Una serie intelligente ma imperfetta

Ed è proprio la parte sit-com a rappresentare la croce e delizia di Kevin Can F**k Himself. Per quanto necessarie ai fini dello show - e capaci di essere più di un semplice esercizio di stile che fa affidamento unicamente sulla particolare alternanza di generi, le scene nella realtà di Kevin sono esattamente quelle che ci si potrebbe aspettare da una sit-com mediocre e non particolarmente originale, che fa affidamento su meccanismi ripetuti di continuo.

Sono scene che servono a rimarcare la mancanza di attenzione verso le esigenze di Allison e ad aumentare il senso di straniamento dato dall'accostare un mondo su misura dei Kevin a uno in cui tutti i veli di ipocrisia vengono squarciati, ma ciò non cancella il fatto che sono scene che alla lunga non fanno che ribadire lo stesso concetto e che, pur partendo dall'intento di decostruire i tropi della sit-com, possono risultare tediose in quanto vanno a occupare un discreto minutaggio.
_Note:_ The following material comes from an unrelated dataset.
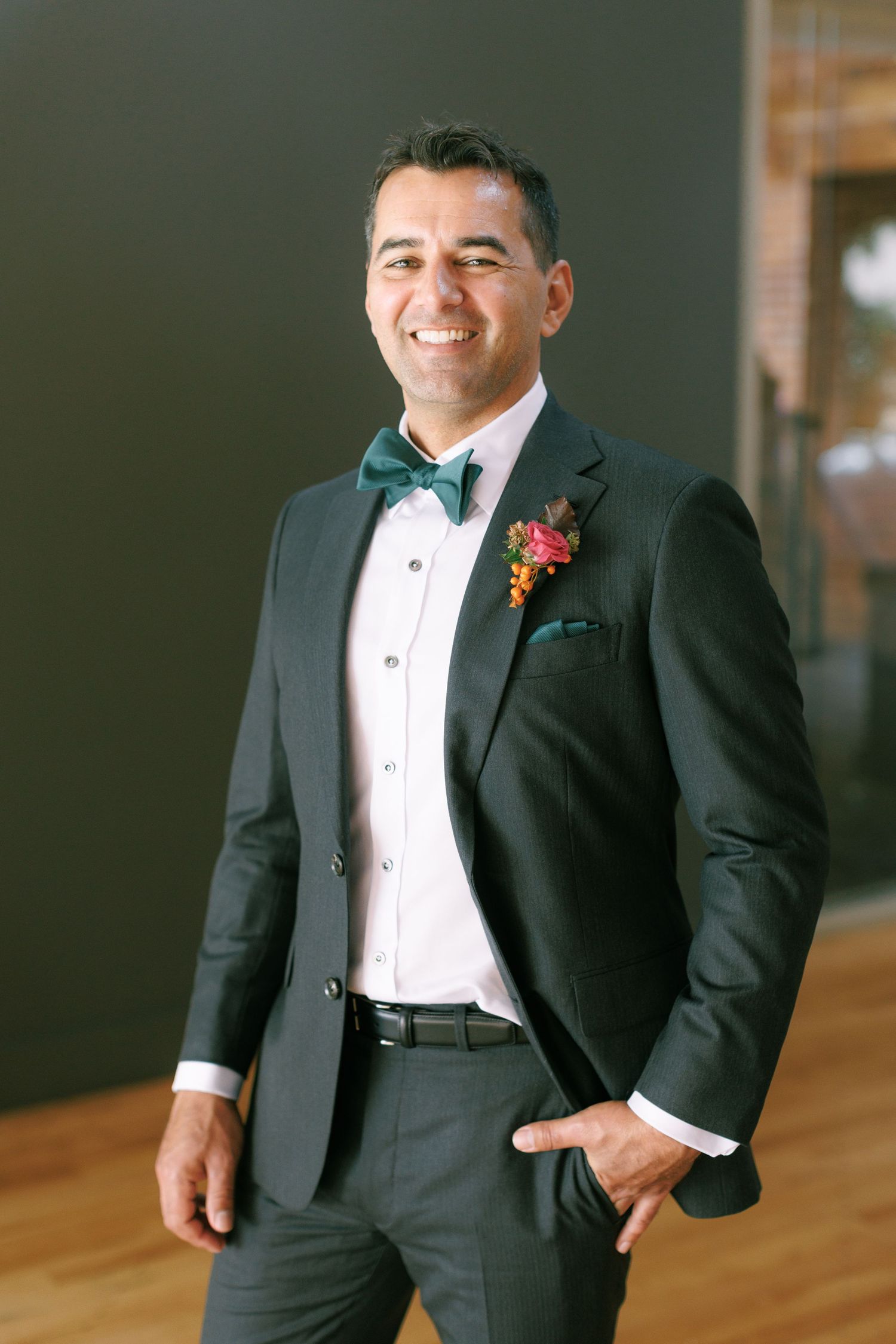 Smiling groom in dark suit with green bow tie and floral boutonniere poses confidently at wedding venue.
In tal senso avremmo preferito un migliore bilanciamento tra le due parti e di non doverci sorbire l'ennesimo progetto inconcludente di Kevin, che aggiunge poco o niente ai fini della trama principale se non aumentare l'esasperazione di Allison - e di noi spettatori - nei confronti del marito.
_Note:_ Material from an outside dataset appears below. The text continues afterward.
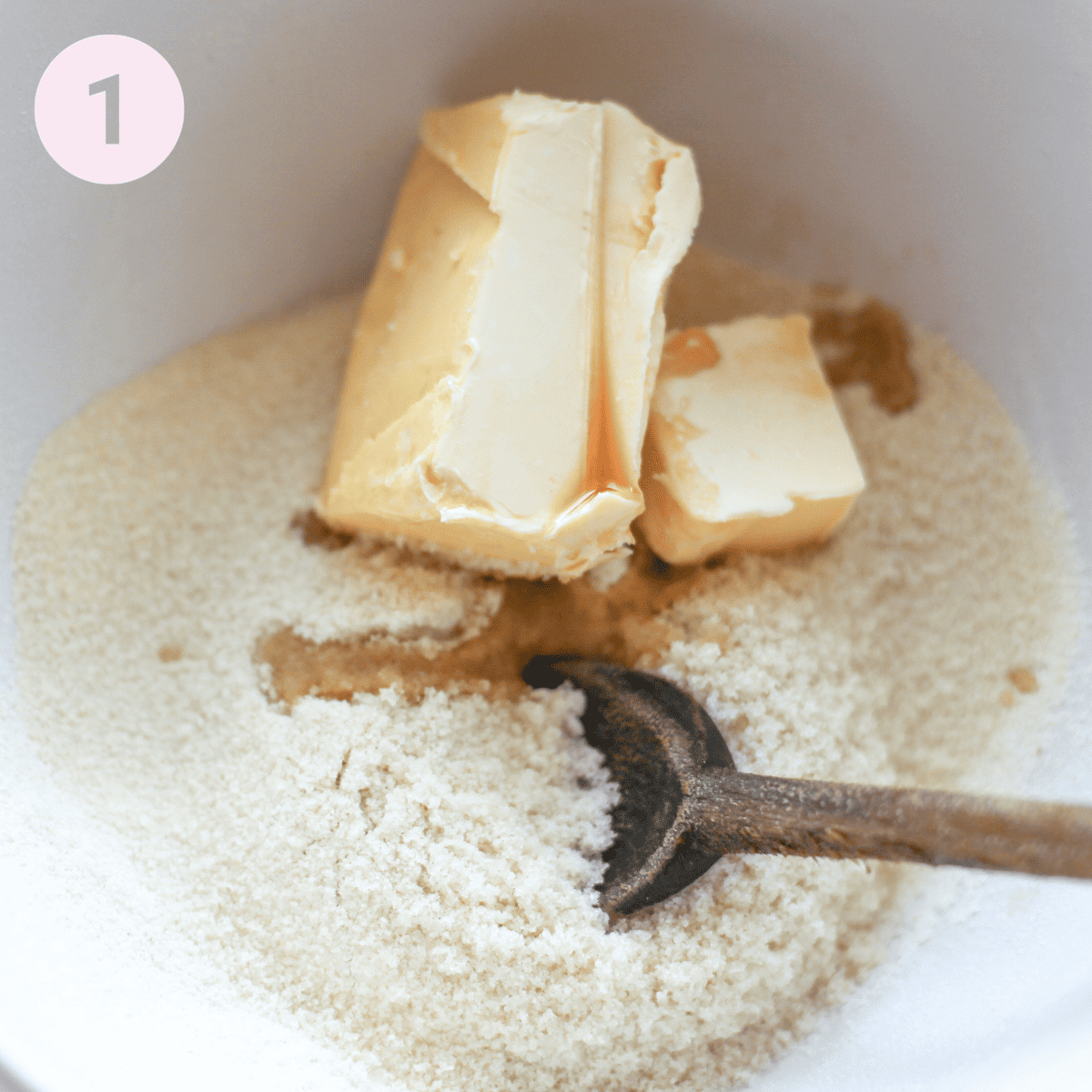 Mixing butter, flour and sugar in a bowl.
Ma nel complesso Kevin Can F**k Himself funziona e va oltre alla sua caratteristica più distintiva del cambio di generi; in più, fa in modo che guarderemo con occhi diversi un certo tipo di sit-com appartenente soprattutto agli anni ‘80 e ‘90. La serie è scritta con intelligenza e denota un'ottima consapevolezza dei concetti che vuole esprimere, il cast è indovinato e la storia riesce a essere accattivante quanto basta per lasciarci curiosi dell'evoluzione dello show nella seconda stagione, annunciata di recente. Insomma, ci troviamo di fronte a uno show con un'idea nuova, anche se non sempre eseguita al meglio, che mette sul piatto diverse riflessioni interessanti e che ha ampi margini di miglioramento.
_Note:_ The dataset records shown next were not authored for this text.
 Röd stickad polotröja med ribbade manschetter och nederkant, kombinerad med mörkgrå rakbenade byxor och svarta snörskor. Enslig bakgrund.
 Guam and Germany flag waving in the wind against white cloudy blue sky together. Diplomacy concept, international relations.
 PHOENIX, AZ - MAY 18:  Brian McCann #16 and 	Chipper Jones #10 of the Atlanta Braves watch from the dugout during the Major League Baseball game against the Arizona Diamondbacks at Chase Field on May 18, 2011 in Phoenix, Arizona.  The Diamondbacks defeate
Kevin Can F**k Himself La prima stagione di Kevin Can F**k Himself è una gradita aggiunta al catalogo di Amazon Prime Video: si tratta di una serie intelligente che utilizza l’alternarsi di sit-com e drama per riflettere sui cliché della prima, ma soprattutto per raccontare di un matrimonio fallimentare e dell’autoaffermazione femminile. Purtroppo, le parti di sit-com, per quanto funzionali, rischiano di essere come una tassa da pagare, e potrebbero mettere a dura prova gli spettatori. Il finale, comunque, lascia diverse porte aperte e ci auguriamo che lo show riesca ad alzare ulteriormente l’asticella.